| ACTIVITY |
Beginning with the line that contains "national lollipop day: Chef" in the material below, print each line exactly until the line that contains "VICKERS PA56448 UNMP" has been printed, then stop.

#### DATA FOR THIS TASK

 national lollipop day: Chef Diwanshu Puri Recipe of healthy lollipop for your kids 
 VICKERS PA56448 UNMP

########
#### DATA FOR THIS TASK

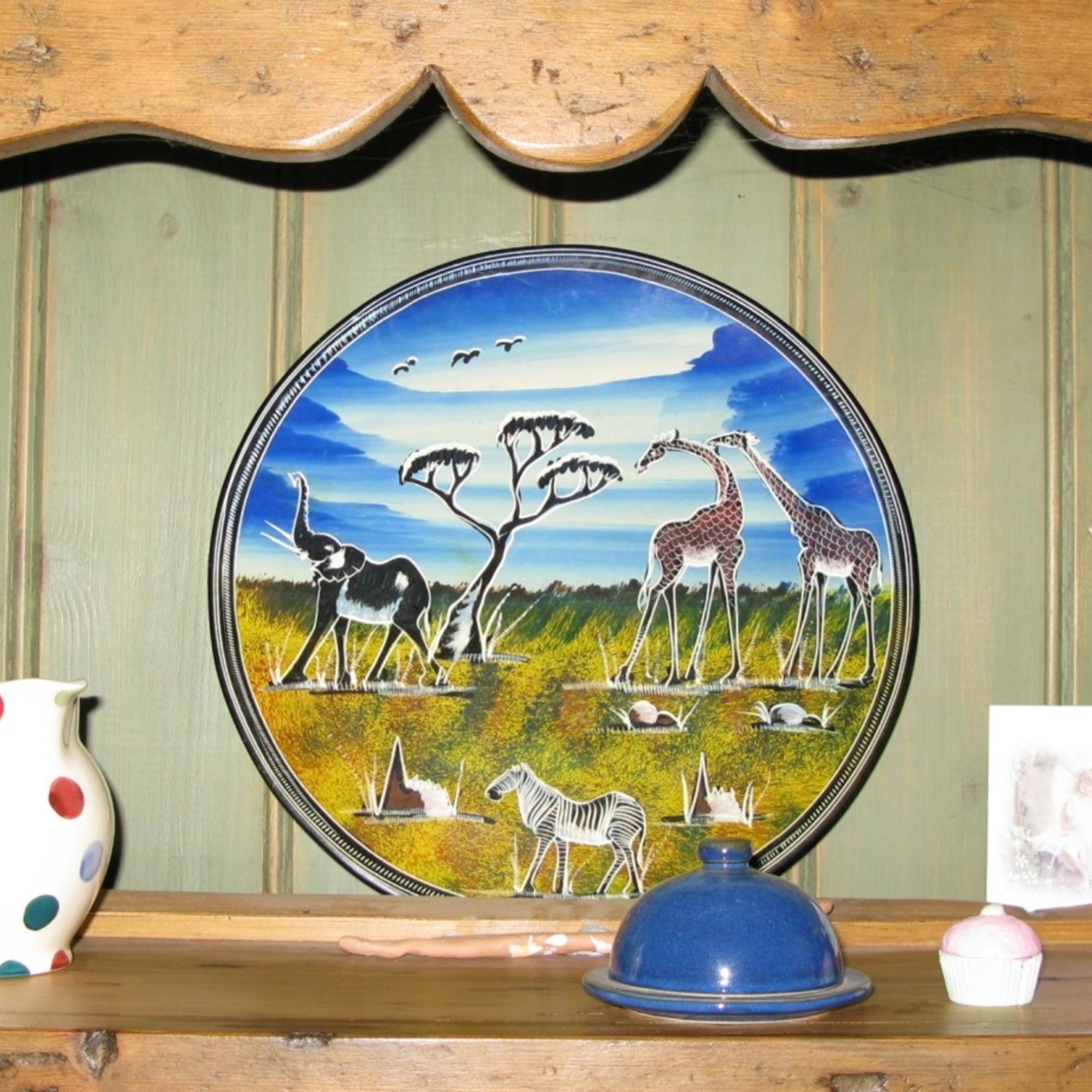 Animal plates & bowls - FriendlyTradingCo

########

| ANSWER SECTION |
 national lollipop day: Chef Diwanshu Puri Recipe of healthy lollipop for your kids 
 VICKERS PA56448 UNMP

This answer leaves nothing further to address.